Have you ever wondered why an Alpha CPU is able to reach such high speeds? Why the P6-Core of intel will be able to reach 800 MHz and more and why the K6 core (most probably) never will? Why does AMD claim that the K7 is designed for high clockspeeds?

Well, it is time to find out. This article is the beginning of a series of articles that will explain you what makes a fast processor. We'll take a good look under the hood of all those number crunching beasts. Let me tell you, there is a lot to discover. And don't worry, the purpose of this article is to explain, not to bombard you with technical terms. Let us get on with it! 
 

CPU's of today: So much difference. 

It is quite intriguing: Alpha CPUs run at an earth scorching speed of 700 MHz while AMD is still at 450MHz and Intel was finally able to reach 500 MHz. The difference is even more remarkable if you realize that Alpha was able to reach 533-600 MHz using a .35 process!!! AMD and Cyrix were never able to squeeze more out of their .35 chips than 233 MHz. So don't let them tell you that the manufacturing process is the only thing that counts. There is more! 
 
Different ways to obtain the same high MHz! 

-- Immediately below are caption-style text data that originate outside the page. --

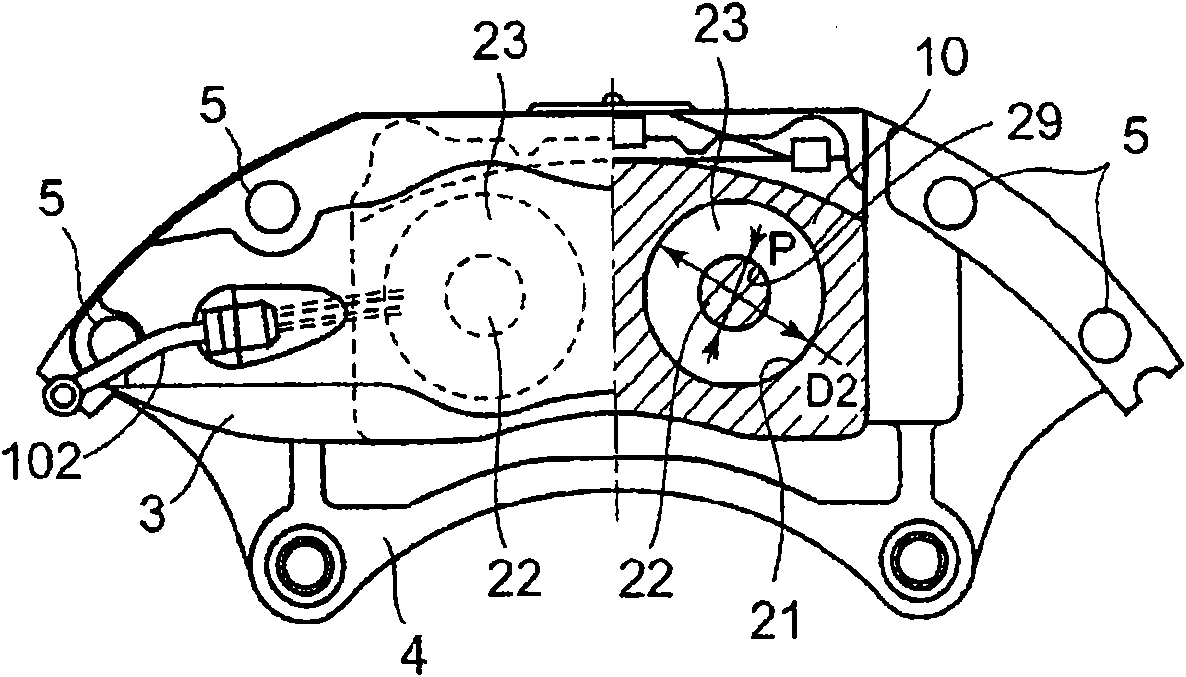 Brake caliper for disk brake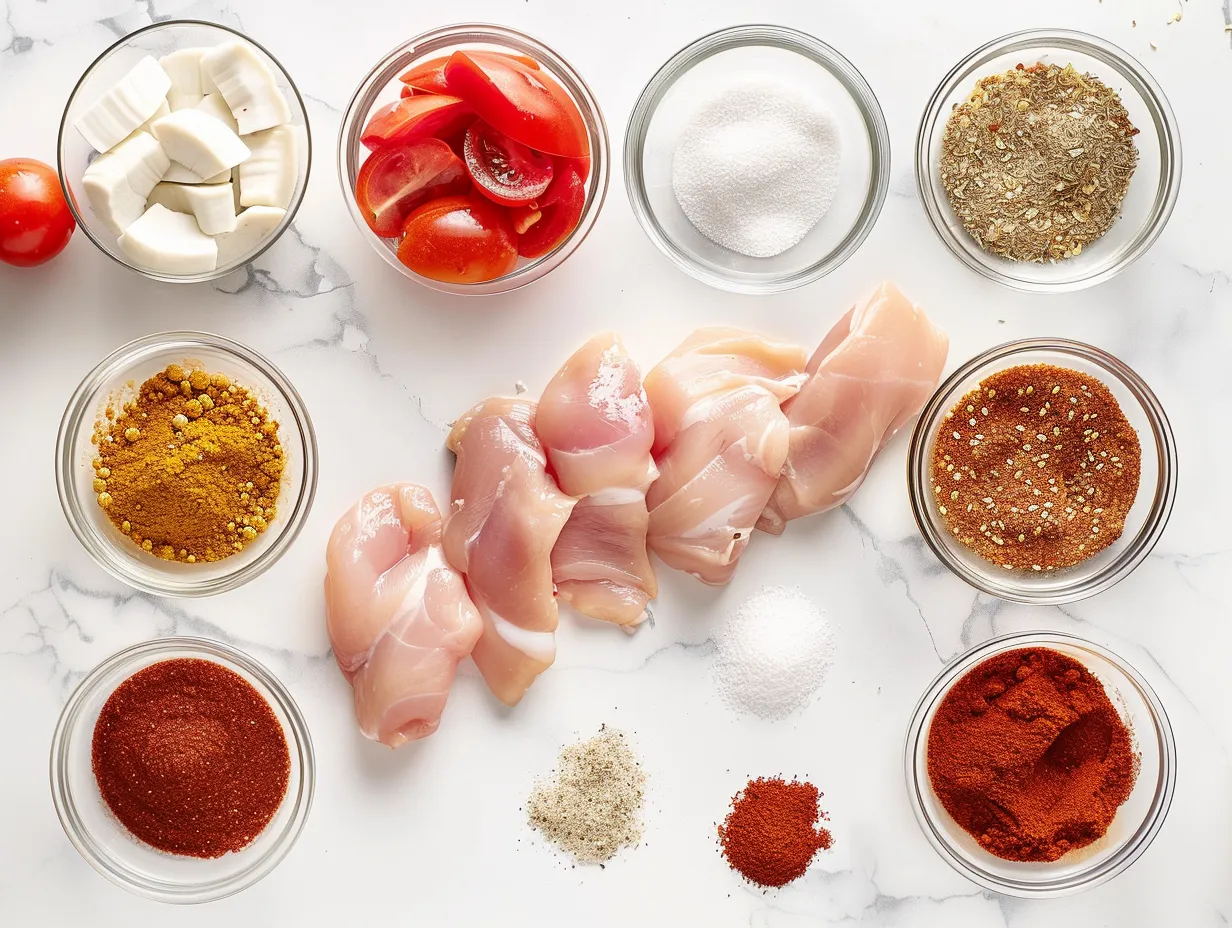 raw ingredients for coconut chicken chili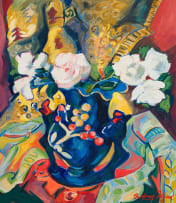 Audrey Fourie; Flowers in a Blue Vase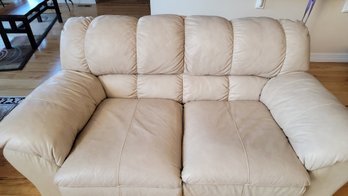 Beige Leather Loveseat , Matches Sofa In Lot 67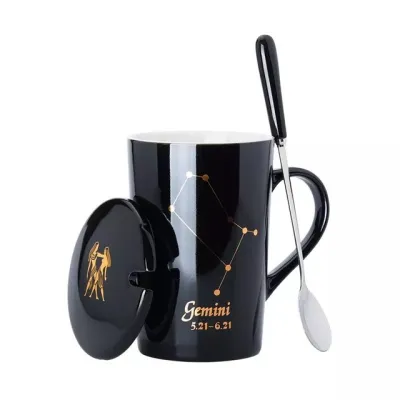 Ceramic Coffee Cup with Lid and Spoon Set for Home Kitchen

If you ask why some CPUs are able to reach high MHz you usually get three answers: 
1) Better manufacturing Capabilities (better manufacturing technology, smaller process) 
2) Small die size and lower power dissipation.
3) Deeper pipelines. 

Let us take a look at the CPUs out there: 
 
    Year Process Die size Max. freq.  Spec Spec
    Shipped µm mm² MHz Int 95 Fp 95
Intel PII 97 0,35 203 300 11,9 8,6
AMD K6 97 0,35 168 233 7,1* 3,9*
Sun UltraSparc IIi 98 0,35 156 360 15,2 19,9
DEC Alpha 21164 95 0,5 299 333 9,8 13,4
DEC Alpha 21164a 97 0,35 209 600 18,4 21,4
DEC Alpha 21264 98 0,25 302 667 40 60
HP PA-RISC 8200 97 0,5 345 220 15,5 25
* Estimations 

Although DEC used to make it's own CPUs, Intel has been fabbing the Alpha for some time, and they have better manufacturing processes. Intel had .25 CPUs long before DEC. Still, as we pointed out before, the Alpha CPUs run at much higher speeds. 

Small die size? The Alpha and the HP Chips are huge! But that does not keep them from beating the much smaller Intel and AMD chips in MHz (using the same process of course). 

IDTs winchip has a very small die size, and AMD always made smaller chips than their intel equivalents, but that did not help them beating Intel in the MHz race. No really, there is more to it than manufacturing technology. 

Deeper pipelines? That is a pretty confusing answer. How in the world can a deeper pipeline help us to reach higher MHz? What is a deep pipeline anyway? Read on! 
 

Your first microprocessor. 
 

To answer our questions, we need to build a small microprocessor ourselves. First of all you must know that the place where it all happens is the ALU (Arithmetic Logical Unit). This part of the CPU is the part that really processes the data. The ALU uses the data of the registers. 

It reads the values of the registers, does some calculations with those values (like adding two registers, incrementing a register with one, a logical or between two values of two registers etc.) and writes the results back in to the register. Then those registers will be written back into the main memory (via the cache). 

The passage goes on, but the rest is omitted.